In an op-ed published in the Santa Cruz Sentinel, Patrick Moore, a co-founder of Greenpeace who is now chairman and chief scientist of Greenspirit Strategies in Vancouver, disagrees with his former Greenpeace colleagues lobbying against polyvinyl chloride and who now support a California bill that would ban the use of the material.
As the health effects of some products containing PVC and other chemicals are publicly debated, Moore writes that PVC is one of the most sustainable, versatile and cost-effective materials available, adding that Californians will be worse off if the bill is passed.
“The best way to deliver affordable, safe drinking water is through a PVC pipe. The best way to insulate electrical wiring is with a PVC coating. In hospitals, floors and wall coverings use PVC widely. PVC is a durable, cost-effective siding for buildings because of its low maintenance and long life.

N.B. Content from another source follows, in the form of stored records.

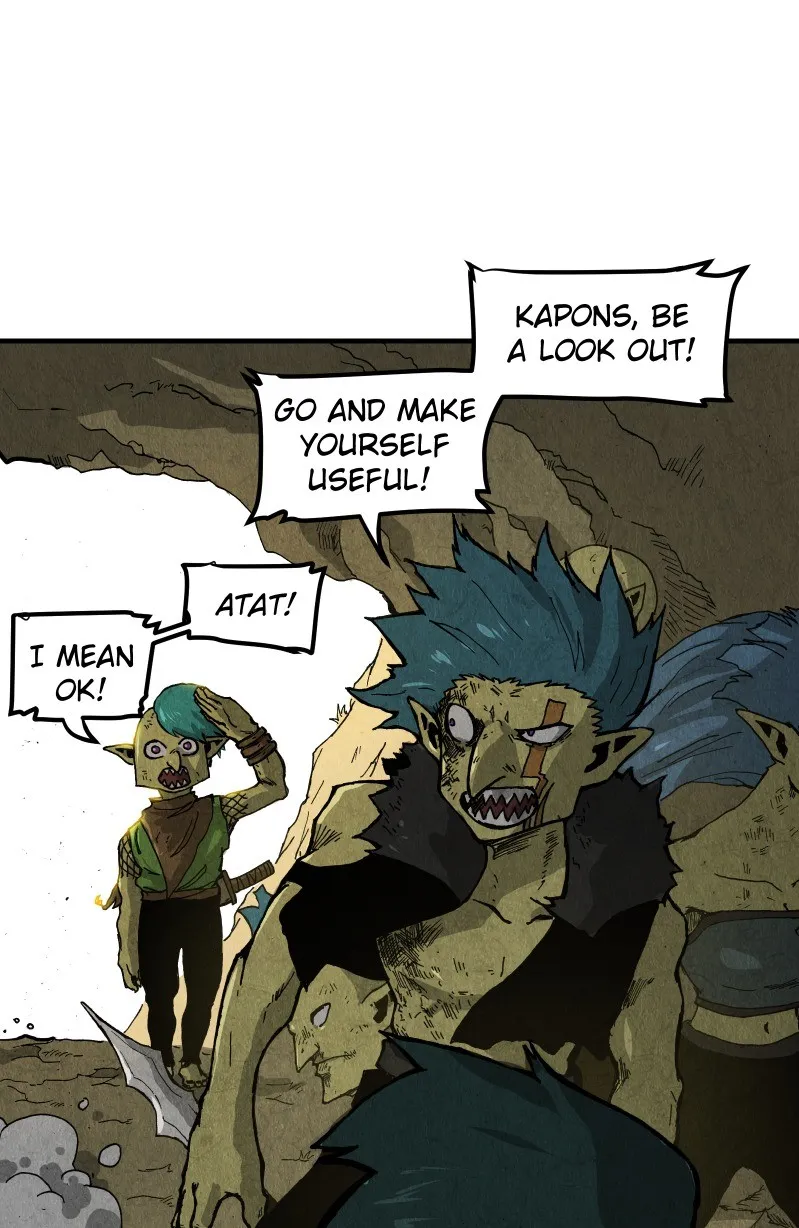 Gul Chapter 18 page 29 - 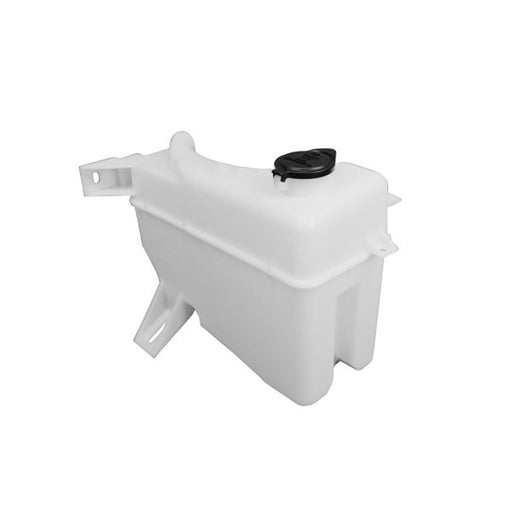 2004-2011 Ford Ranger Washer Fluid Reservoir Reservoir & Cap Assembly 2.3L L4 - FO1288159-Partify-Painted-Replacement-Body-Parts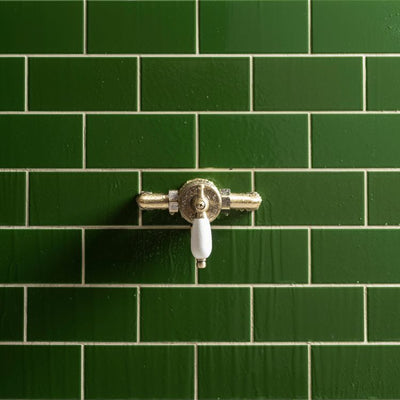Artworks - Half Tile 152x75x7mm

Building with PVC saves on energy and material costs,” Moore writes.
But a widely publicized report from Greenpeace said recently that an analysis carried out in its own labs detected hazardous chemicals including PVC in Wii, Sony’s PlayStation 3 Elite and Microsoft’s Xbox 360.
And, according to a recent study conducted by the Center for Health, Environment & Justice, shower curtains made with PVC contain chemicals that can harm human health, Medical News Today reported. CHEJ has been leading a campaign to rid retailers of products containing PVC.
The studies have not fallen on deaf ears. Sears and Kmart plan to phase out products and packaging containing PVC, and Wal-Mart and Target have made similar pledges. California joined the EU last year in banning phthalates in children’s and infant’s products. A similar ban has been introduced in Congress and in six other states.